Mercoledì scorso le parole del guardasigilli e quelle del presidente da Marsiglia stridevano. La sintonia con Trump è un tradimento della storia democratica italiana e americana
Il presidente della Repubblica Sergio Mattarella, dall’università di Marsiglia, in occasione della sua lezione per la laurea honoris causa, ha usato parole da meditare: «È il momento di agire: ricordando le lezioni della storia e avendo a mente il fatto che l’ordine internazionale non è statico. È un’entità dinamica, che deve sapersi adattare ai cambiamenti». Ma, ha aggiunto, «senza cedimenti su principi, valori e diritti che i popoli hanno conquistato e affermato». L’appello dà la misura del fatto che, per il Colle, siamo in presenza di una decomposizione delle istituzioni sovranazionali che può presto giungere a un punto di non ritorno.
Stridente con Nordio
In quello stesso scorso mercoledì, dal parlamento risuonavano parole in forte dissonanza da quelle del presidente: dal dibattito alle camere abbiamo ascoltato la difesa d’ufficio disordinata e sconnessa dei ministri Carlo Nordio e Matteo Piantedosi. Dobbiamo chiederci perché tanto apparentemente inspiegabile disordine.

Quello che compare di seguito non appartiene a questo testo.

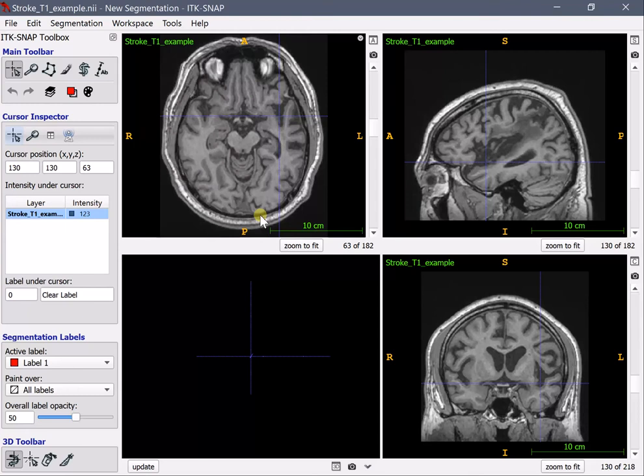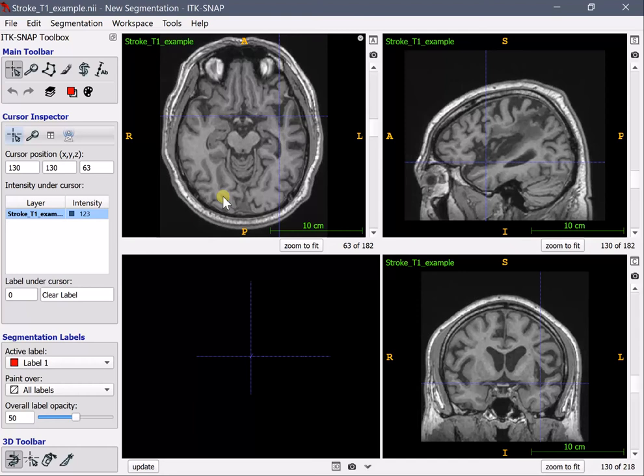What the segmentation is is nothing else but another image that is overlaid on top of yours and when you start to draw on this image you'll actually be changing the values of the voxels in this hypothetical virtual empty image.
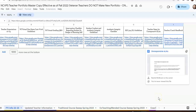When you're given your first section with NCVPS, you're also going to receive your NCVPS teacher portfolio. Your teacher portfolio houses a lot of information that you're going to need throughout the semester, but especially at the beginning of the semester as you start to set up your courses.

Sempre in quelle ore, dagli Stati Uniti sono arrivate le parole della conferenza stampa di Donald Trump e Benjamin Netanyahu: il tono era quello di una disumanizzazione cosciente. Il presidente israeliano si compiaceva della proposta del presidente Usa di organizzare la deportazione di milioni di persone da Gaza. Una proposta che insulta la storia di sofferenza dei democratici ebrei che hanno sofferto le deportazioni.
La situazione internazionale è pericolosa. Il governo di Giorgia Meloni spesso evoca fantasiosi complotti dai contorni oscuri, mai dichiarati. Invece siamo di fronte a una cospirazione internazionale a cielo aperto, senza segreti: il raduno dei “Patrioti per l’Europa” a Madrid, la riunione dei reazionari sotto l’ala di Elon Musk, dimostra che prende corpo un’organizzazione con un preciso orientamento politico.
In Italia le forze di governo hanno superato la linea del tradimento dei valori fondativi della Repubblica. Se un veneto garbato come il ministro Nordio ha direttamente aggredito una parte della magistratura, non è stato tanto, o solo, per attaccare un pezzo della magistratura, che peraltro è sempre criticabile; ma per attaccare il presidente del Consiglio superiore della magistratura. Cioè il presidente della Repubblica.
L’occasione sarà il dibattito da aprire nel Csm per affrontare la questione sollevata dai cinque rappresentanti della destra sul comportamento del procuratore di Roma; una questione che apre lo scontro nel Csm e ha come effetto immediato la richiesta a Mattarella di schierarsi. Per innestare la vera questione: quella della sua presunta partigianeria. Su questo scontro, sia pure sollecitato in forma tecnica e indiretta, un’azione disciplinare per un magistrato, si prova a innestare l’accusa di un presidente non super partes.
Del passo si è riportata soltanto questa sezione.